Abstract 2094: B-type Natriuretic Peptide Is Useful In Detecting Asymptomatic Left Ventricular Dysfunction in Low-Income, Uninsured Hispanic Patients
BACKGROUND: Heart failure (HF) is a significant public health problem, particularly in low income Hispanics with multiple cardiovascular risk factors (CRFs). The effectiveness of B-type natriuretic peptide (BNP) screening for identification of asymptomatic left ventricular dysfunction (ALVD) in Hispanics with multiple CRFs has not been tested. The purposes of this pilot study were to: 1) describe BNP levels in low-income, uninsured asymptomatic Hispanics with multiple CRFs; and 2) determine the correlation between BNP levels and echocardiography for identifying ALVD in high risk Hispanics.

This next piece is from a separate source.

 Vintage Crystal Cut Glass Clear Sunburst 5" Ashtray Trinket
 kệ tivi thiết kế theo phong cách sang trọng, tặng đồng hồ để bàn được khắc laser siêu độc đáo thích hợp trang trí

METHODS: A sample of 53 asymptomatic patients (age 55±10 years, 83% non-White, 64% female) was seen in a county facility. Patients were uninsured and CRFs were common (74% hypertension, 51% diabetes, 47% metabolic syndrome, mean BMI 31±9). All underwent BNP testing and echocardiograms (ECHO) and were grouped based on left ventricular (LV) function. Chi-square and t-tests were used to compare groups. Univariate, multivariate, and logistic regression analyses were used to evaluate the ability of BNP to identify ALVD. Receiver-operating characteristic plots were conducted to identify the optimal cut-off values for the diagnosis of ALVD. A value of p<0.05 was set as the significance threshold.

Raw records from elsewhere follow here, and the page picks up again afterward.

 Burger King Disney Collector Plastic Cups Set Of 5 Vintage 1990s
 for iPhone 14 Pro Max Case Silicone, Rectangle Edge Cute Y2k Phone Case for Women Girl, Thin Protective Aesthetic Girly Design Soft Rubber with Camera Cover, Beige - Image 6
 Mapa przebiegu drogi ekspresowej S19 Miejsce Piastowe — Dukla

RESULTS: Thirty patients (57%) were diagnosed with ALVD by ECHO: 21(40%) had diastolic dysfunction, 9 (17%) had systolic dysfunction. BNP was lower among those with normal LV function (29.6 ± 24 pg/mL), compared to those with diastolic dysfunction (80.2 ± 69 pg/mL, p=0.01) and systolic dysfunction (337.1 ± 374 pg/mL, p=0.009). Subjects with BNP ≥50 pg/mL were 5.75 times more likely to exhibit diastolic dysfunction than those with lower BNP levels (95% CI 1.29 –25.51; p=0.01). Subjects with BNP ≥100 pg/mL were 7.80 times more likely to have systolic dysfunction (OR=7.8, 95% CI 1.60 –37.14; p<0.005). With BNP cutpoint of 50 pg/mL, area under the curve was 0.82 (95% CI 0.63 to 1.00) with a sensitivity of 88% and specificity of 67%.
CONCLUSIONS: BNP is useful in detecting ALVD in high risk Hispanics. Elevated BNP levels should prompt clinicians to initiate further diagnostic treatment that may lead to early intervention and improved survival.